6-in-10 postgraduate respondents prepare personal budget compared to 2-in-10 HND holders. This analysis shows a positive relationship between education and appreciating the need for a personal budget. One major reason that influence individuals desire to prepare a budget has to do with their financial education. When people appreciate the importance of a budget, then the preparation and monitoring will be less bored.
Through a survey of the most populous countries in the world, India, and Indonesia, Cole et al. (2010) present evidence that financial literacy is an important predictor of financial behaviour in emerging market countries. In a study conducted by Behrman et al. (2012), it was concluded that financial literacy is positively and significantly associated with total net wealth.
Even with 70% graduated respondents, the report reveals that many of the respondents are not financially literate as only 6-in-10 were able to answer both questions about inflation and compound interest correctly. Gender gap issue was also found in financial literacy as male respondents were more financially literate than the females.
Similarly, our study also found that financial literacy is positively related to formal education. High school and college graduates had an average score of 28.57% and 66.18% respectively in financial literacy test compared to the 71.57% and 84.04% average score for the bachelor and postgraduate degree holders respectively in the same test. Similarly, the average score among the youths was 65.73% while the adult respondents had 83.67% average score.
The result shows that 52.52% of the respondents have only one stream of income. Additionally, the survey shows a positive relationship between personal financial satisfaction and the number of income streams. Employment is the primary source of income for most educated people in the Gambia. However, the survey shows a positive relationship between the number of income streams and balance in the respondents’ savings account. The respondents who have multiple income streams have higher savings account balances than those with only one source, particularly employment only. 54.79% of the respondents with one source of income are dissatisfied with their financial condition while only 14.29% of the respondents with more than three income sources feel dissatisfied.

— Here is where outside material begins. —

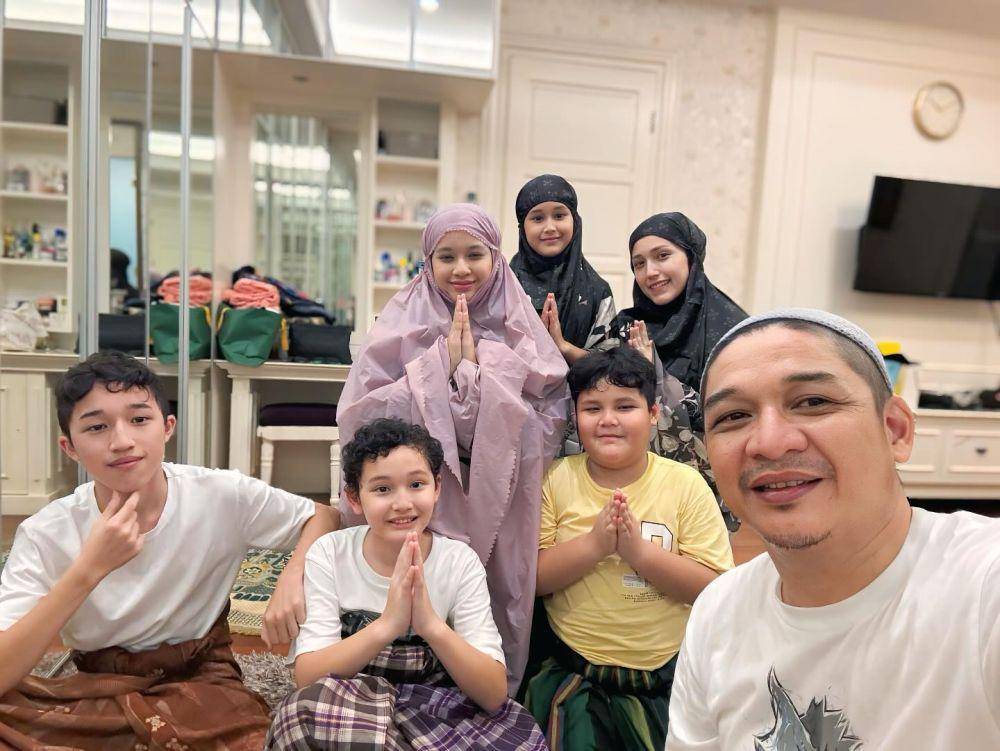 artis tarawih hari pertama (Instagram.com/adeliapasha)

Financial well-being can be achieved through extra income, savings and managing expenses. However, these efforts can be wasted if individuals pile debts upon debts. Only 24% of the survey respondents said they have borrowed for investment while 40.67% borrowed for consumption. Most employees have borrowed money for consumption when compared to the self-employed. 47.71% of employees said they have borrowed for consumption and only 26.61% borrowed to invest. On the other hand, among the self-employed, 18.18% borrowed to consumed, 22.73% for invest and 59.09% did not borrow in the last three years.
Wealth protection through insurance is not common among Gambians, and the few who buys insurance are mostly to protect motor vehicles where they have no choice but to comply with the law. Over half of the respondents (51.80%) did not buy an insurance policy in the last 12 months. Furthermore, 39.57% of respondents have bought motor vehicle insurance compared to 12.95% for health insurance and 3.6% for properties.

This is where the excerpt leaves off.